The Sadness of Beautiful Things: Stories (Paperback)
The hallmark of Simon Van Booy's writing is its precision. There is not a superfluous word in his work, yet he is able to convey the deepest emotion; the details of a landscape, the nuanced import of a sideways glance. If you've never read his work, I urge you to read this. And if you like it, please read his novel Everything Beautiful Began After - a brilliant work of literary fiction. P.S. He was one of Nancy Olson's favorite authors.— Samantha
An exquisite new collection of short stories from award-winning author Simon Van Booy.

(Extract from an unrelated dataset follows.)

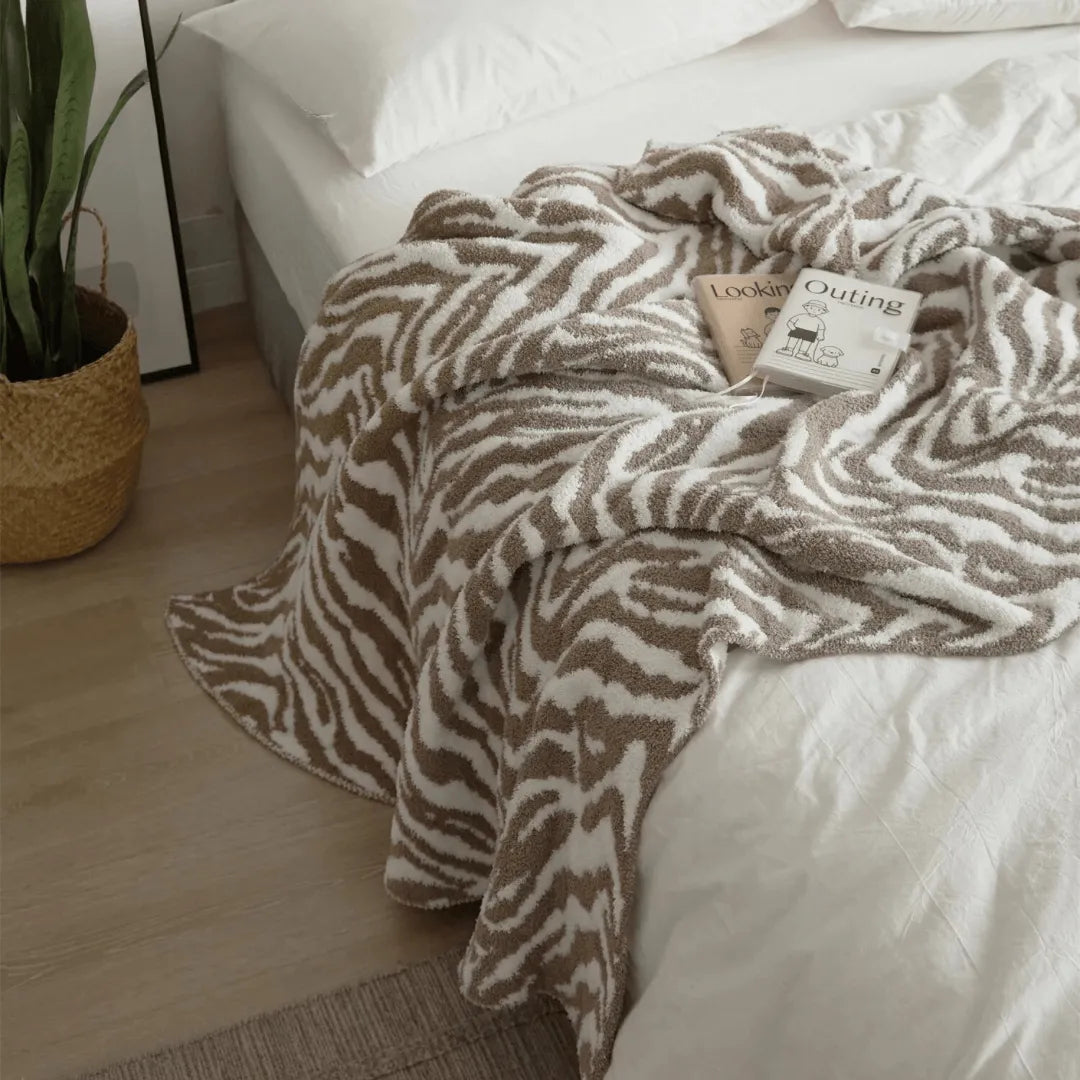 Zebra Stripe Microfiber Throw Blanket - Fluffyslip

Over the past decade, Simon Van Booy has been listening to people’s stories. With these personal accounts as a starting point, he has crafted a powerful collection of short fiction that takes readers into the innermost lives of everyday people. From a family saved from ruin by a mysterious benefactor, to a downtrodden boxer who shows unexpected kindness to a mugger, these masterfully written tales reveal not only the precarious balance maintained between grief and happiness in our lives, but also how the echoes of personal tragedy can shape us for the better.
“Van Booy’s stories are somehow like paintings the characters walk out of, and keep walking.” —Los Angeles Times
"Simon Van Booy knows a great deal about the complex longings of the human heart." --Robert Olen Butler, Pulitzer Prize-winning author of A Good Scent from a Strange Mountain
About the Author
Simon Van Booy is the award-winning and best-selling author of seven books of fiction, and three anthologies of philosophy. He has written for the New York Times, the Financial Times, NPR, and the BBC. His books have been translated into many languages. He lives in New York with his wife and daughter. In 2013, he founded Writers for Children, a project which helps young people build confidence in their storytelling abilities through annual awards.

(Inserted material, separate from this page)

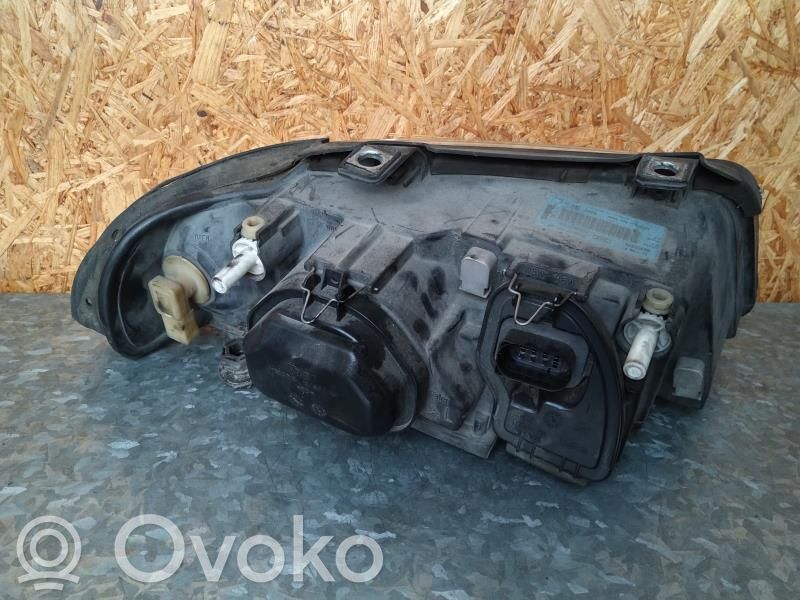 Audi A4 S4 B5 8D Headlight/headlamp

"With a deceitful simplicity and a generously empathetic ear, Simon Van Booy gets to the core of the moment." —Colum McCann, author of Transatlantic and Let The Great World Spin
"Simon Van Booy writes wonderful stories that surprise and uplift, that hold our attention all the way with subtle revelations about life in all its astounding contradictions: its sorrows and joys." —Sheila Kohler, author of Becoming Jane Eyre and Once We Were Sisters
"Each of these eight stories, while burdened by loss, are also limned with a more hopeful light. Van Booy captures the rare flashbulb memories of trauma, heartbreak, and melancholy, in the lives of people he’s met, but his writing basks in the healing afterglow of what follows. In the sparsely furnished prose of Van Booy’s stories it is easy to pour oneself into his characters, who I delight to know are real people, existing somewhere far away." —Madeline Day, The Paris Review
"[Van Booy] does a masterful job of mixing many different emotions into one brief tale” —New York Post
"Most of the tales in this engrossing collection of short stories are based on true stories told to Van Booy over the course of his travels. Some have a hint of science-fiction about them, like one about a husband and wife who’ve become afraid of their daughter after a mysterious accident involving a pair of VR glasses. In contrast, the opening story about a bedraggled family saved from ruin by a mysterious benefactor reads like a fable overheard in an Irish pub on a rainy day, full of loves lost and sideways unraveling. As a whole, the collection is both moody and poignant and calls to be read sitting by a fire with a whiskey close at hand." —Esquire, "Best books of 2018 (so far)"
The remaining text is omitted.